As well as earning points for high-scores, Codemasters has provided the very cool feature of YouTube features – you can upload short, sweet and basic highlight videos to YouTube of your coolest looking stunts. There are no editing features, but the game is clever enough to not bury the camera in a wall during your best stunt. While this feature works for normal races, Gymkhana is where it’ll come really in handy as that’s where you’ll be doing the stuff worth showing off.

Dust, dirt and water effects just up the ante

As well as YouTube there’s all the online features you’d expect from a racer including online leaderboards for best times and scores and multiplayer versions of all the event types including Gymkhana as well as some mini-games that are exclusive to the multiplayer side of the game. They’re a fun distraction, but nothing to shout about.

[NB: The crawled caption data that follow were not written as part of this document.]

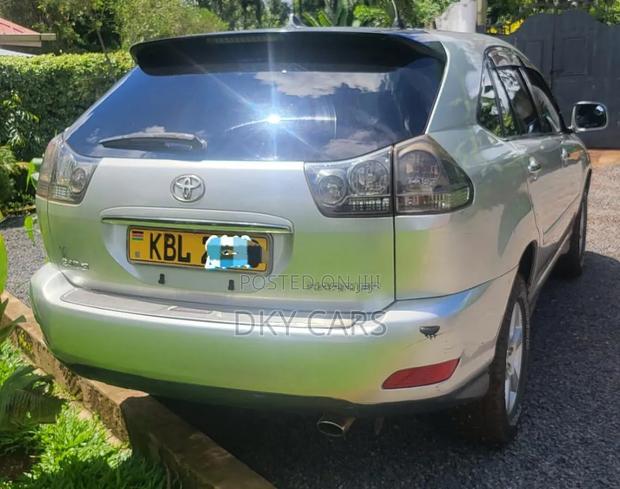 Toyota Harrier 2005 Silver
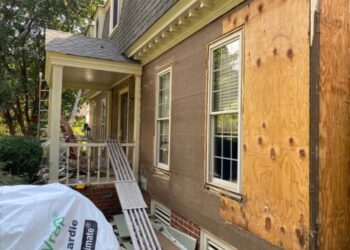 Should You Paint or Replace Old Wood Siding?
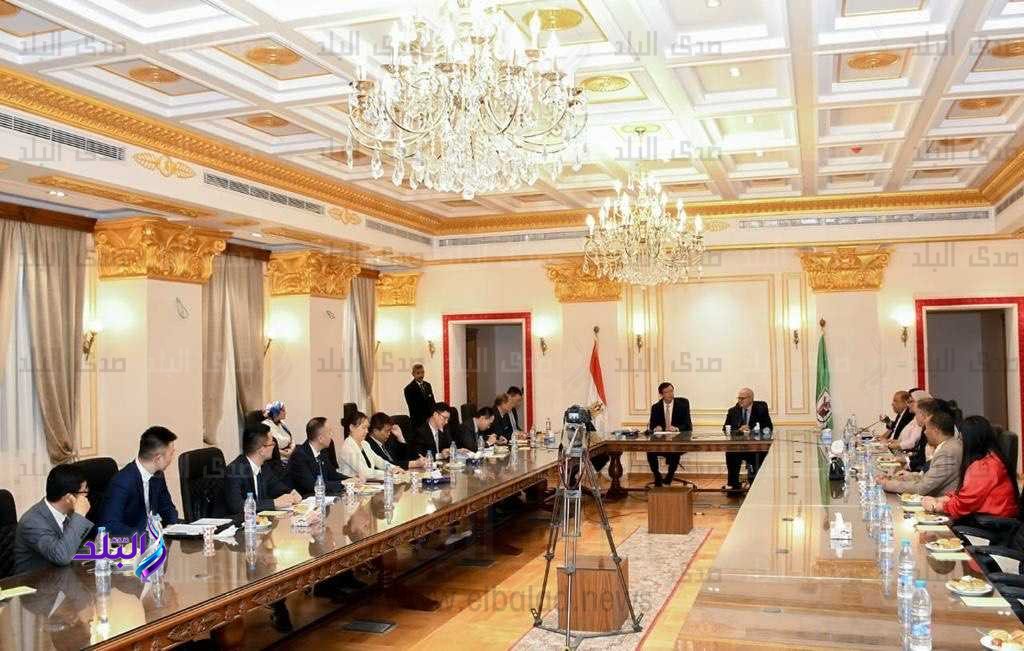 توقيع بروتوكول تعاون لإنشاء درجات علمية مزدوجة بين جامعة القاهرة ووزارة التعليم الصينية3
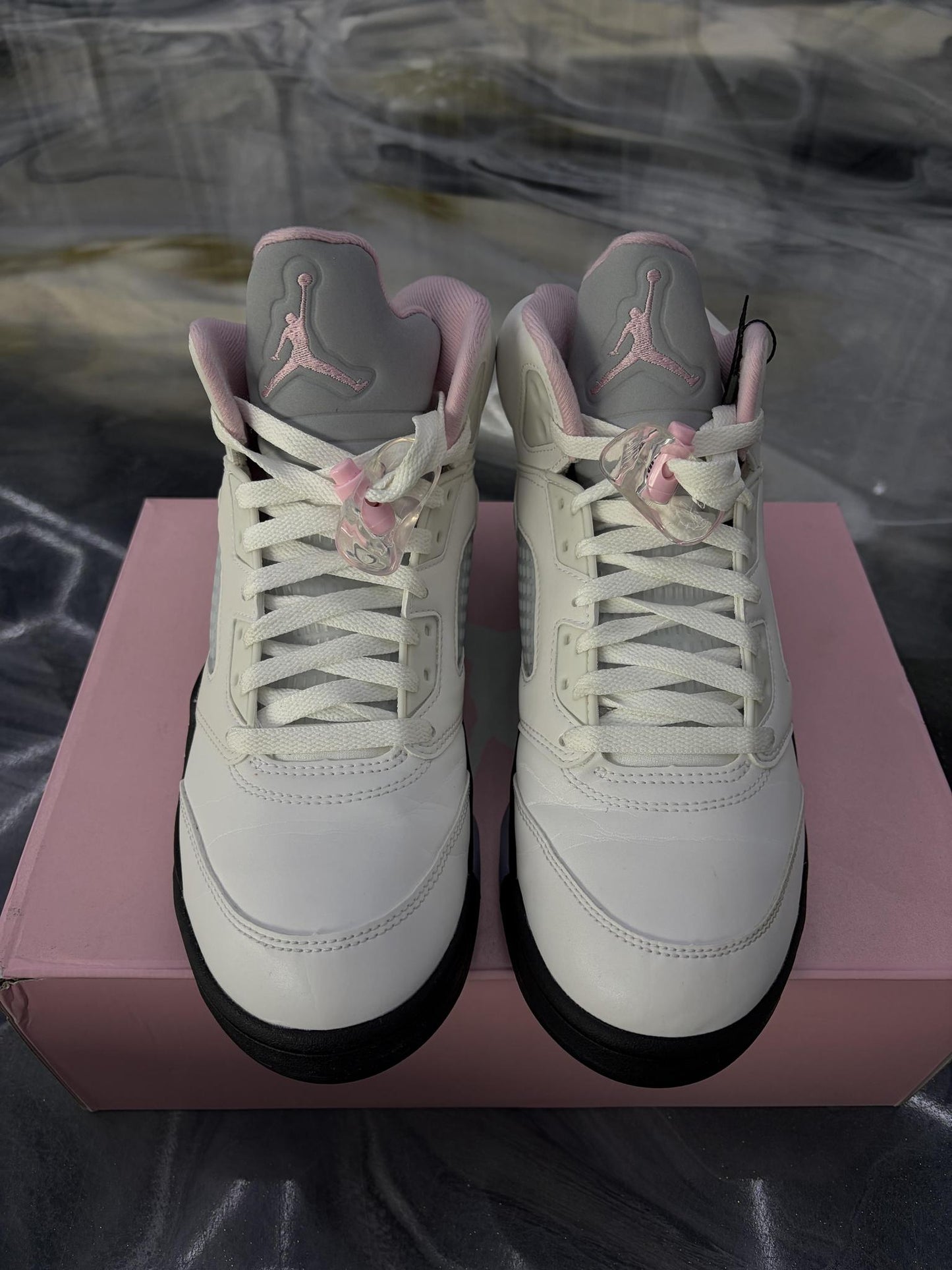 Jordan 5 "Medium Soft Pink" Used Size 8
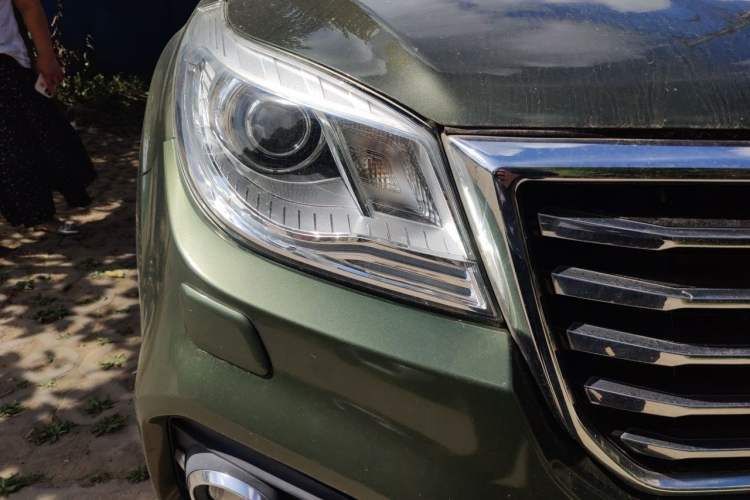 Used Haval H9 2017 2.0T Gasoline 4x4 Luxury 7-Seater Right Front Headlight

DiRT 3 isn’t perfect, but it once again underlines that the British – Codemasters especially - know how to make really good racers. There’s issues and niggles here and there in the amount of Career Mode repetition of event types and environments, as with many racers, and the game is almost devoid of innovation in all modes other than the brilliant Gymkhana – but perhaps an evolution rather than a revolution was all that was needed for DiRT 3.

Whatever the answer to that question, it’s excellent, and comes highly recommended.

Best Moment: Finally understanding how to nail it at Gymkhana. Awesome moment.